Will I need to take any tests?

The diagnosis of CRSD due to medical condition is made clinically and with the use of the sleep diary. You may be asked to wear an actigraph. This is a device that records inactive and active episodes over a period of one to two weeks. An actigraph looks like a funny wrist watch and you wear it day and night.

Other testing methods to measure body temperature or melatonin levels may be used. Most often these methods are used for research.

Your doctor may suspect that a neurological condition or another medical problem is involved. In this case, you may be asked to have blood testing performed. You may also need a CT scan or an MRI.
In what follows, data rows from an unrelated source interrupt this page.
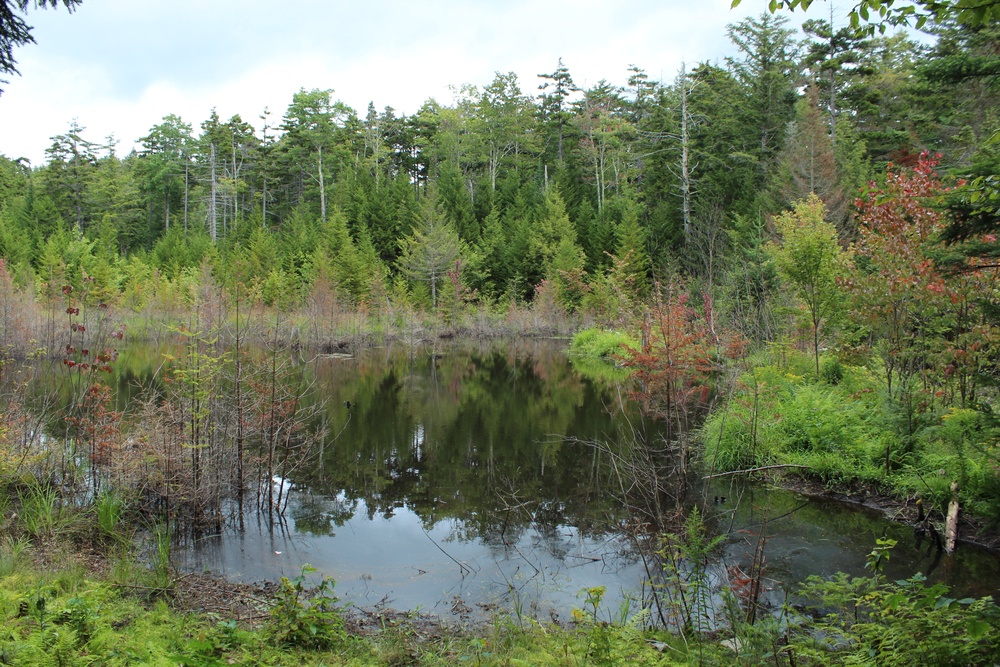 Chittenden Brook Trails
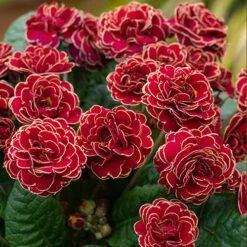 Pollyanna Collection -Flower Harvest Shop 480875 4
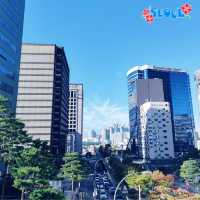 Seoul's Autumn Symphony: A Burst of Color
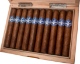 Buy Serino Taino Heritage Hamaca Online at Small Batch Cigar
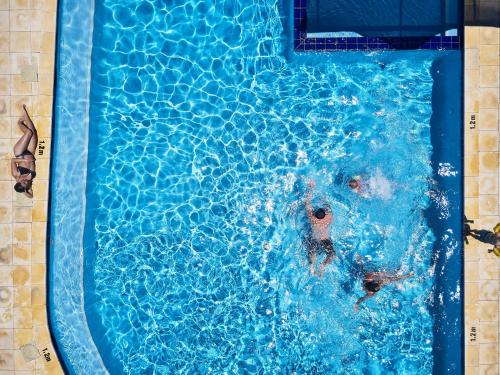 a dog is swimming in a swimming pool at BIG4 Breeze Holiday Parks - Busselton in Busselton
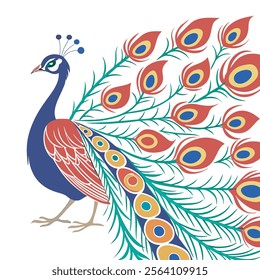 colorful Peacock Cartoon Animal Nature Icon Concept Isolated design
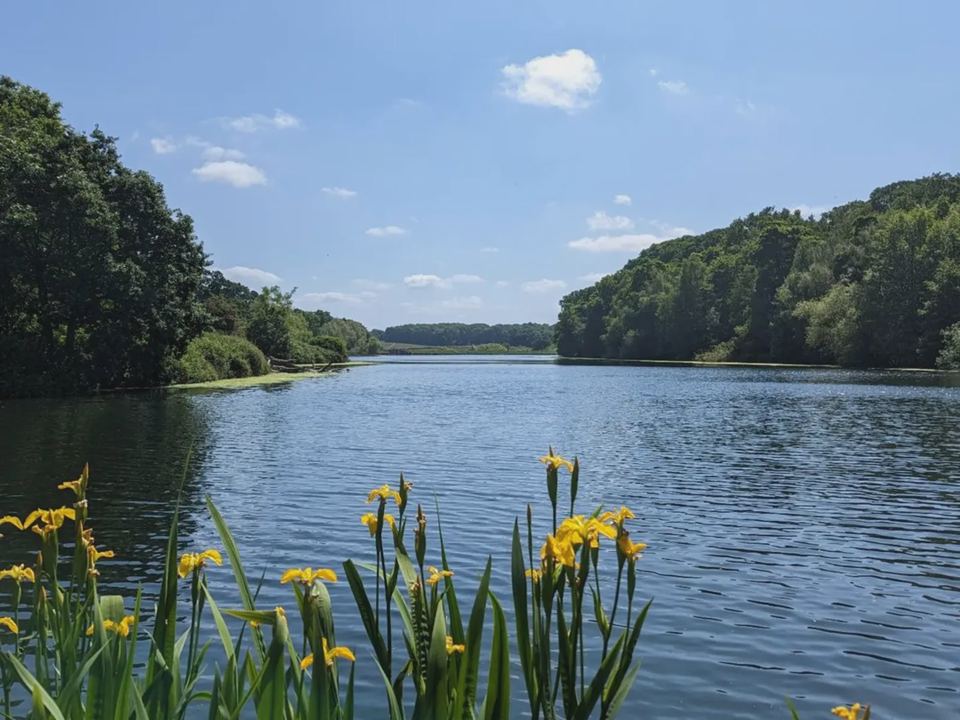 Lake in the woods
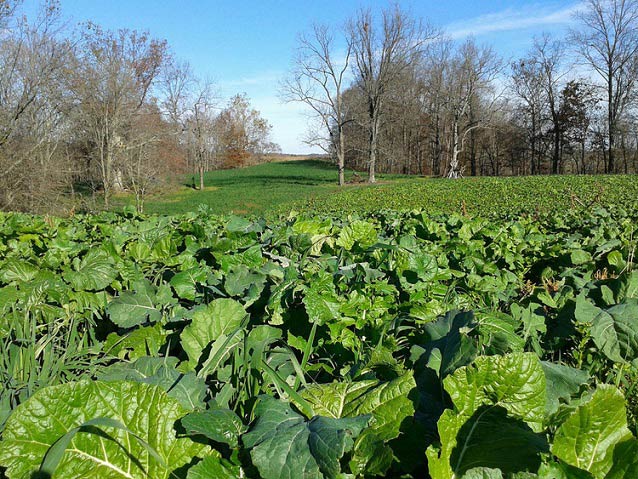 Real World Plot Topper 3 Pound 1/2 Acre Bag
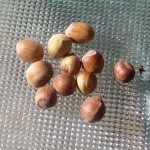 Ukendt navn 20151002_134319 UKENDT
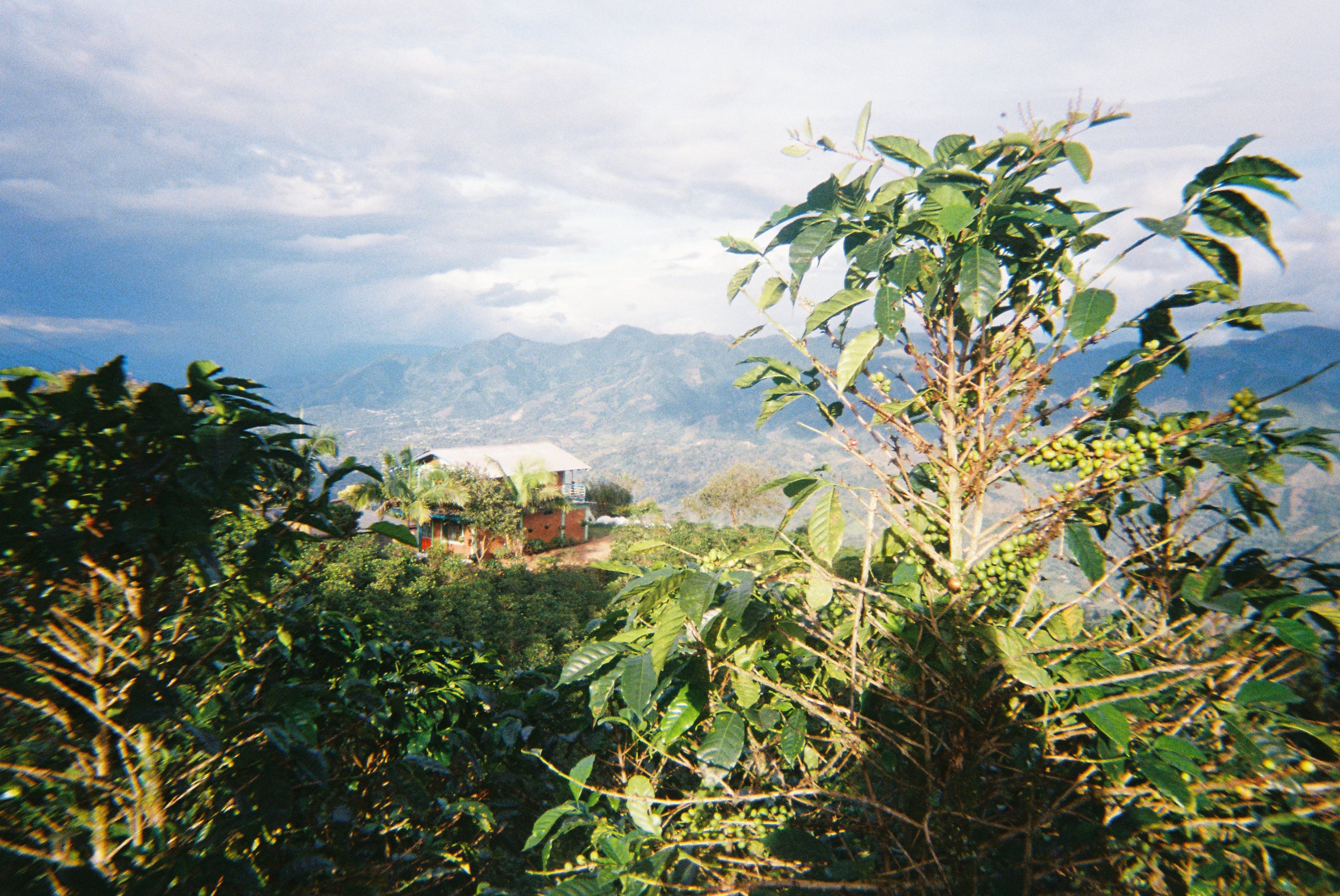 eighthirty presents: Coffee of Colombia – A Conversation with Cata Export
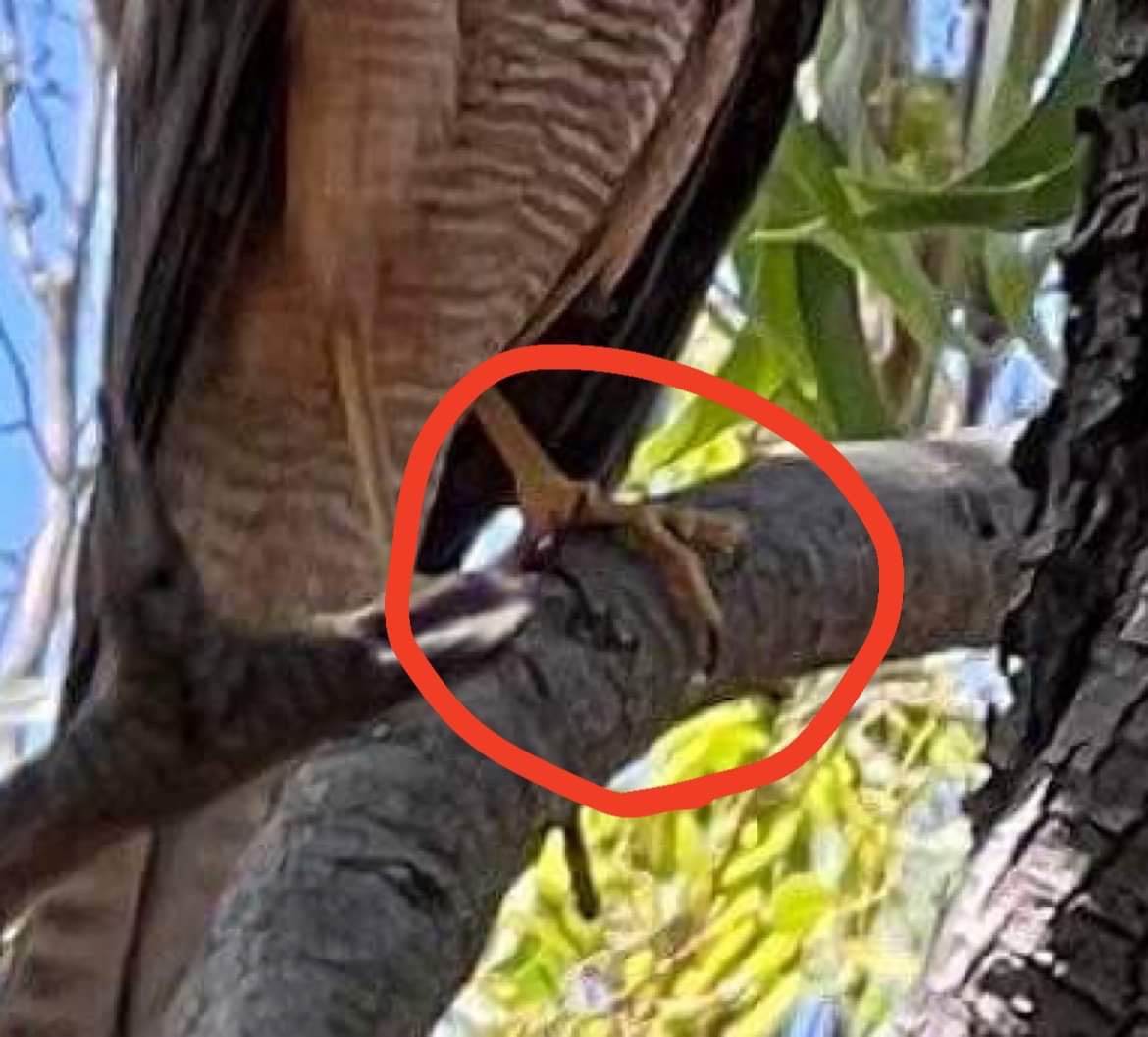 Chris Lassig tweet media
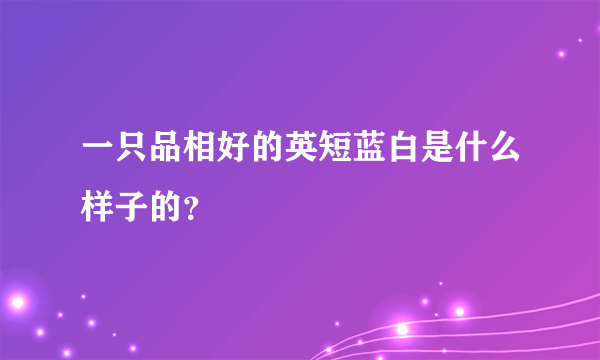 一只品相好的英短蓝白是什么样子的？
Certain medical conditions also can increase your risk for other sleep disorders such as sleep apnea. An overnight sleep study is usually not needed to detect a CRSD. You may need to do a sleep study if you are at risk for other sleep disorders. The sleep study is called a polysomnogram. It charts your brain waves, heart beat, muscle activity, and breathing as you sleep. It also records how your arms and legs move. This shows if there are other sleep disorders that are causing or increasing your sleep problems. Examples include sleep apnea and periodic limb movement disorder.

How is it treated?

Treatment for CRSD due to medical condition is aimed at helping you to have one long sleep time at night and one long awake time during the day.

The doctor likely will also recommend good sleep behaviors for you to follow. These will improve your circadian rhythm. Good sleep hygiene is important to help you keep one main sleep time. Light, exercise, and other scheduled activities increase stimulation to reset the sleep clock in the brain. Education and behavioral counseling can be helpful. Your doctor may monitor your progress having you complete sleep logs during treatment. The doctor also may want to change medications for your medical problem. The doctor may choose medications that also help you sleep better at night and stay awake during the day. As research studies continue, more information will become available about the causes and other future treatments of this sleep disorder.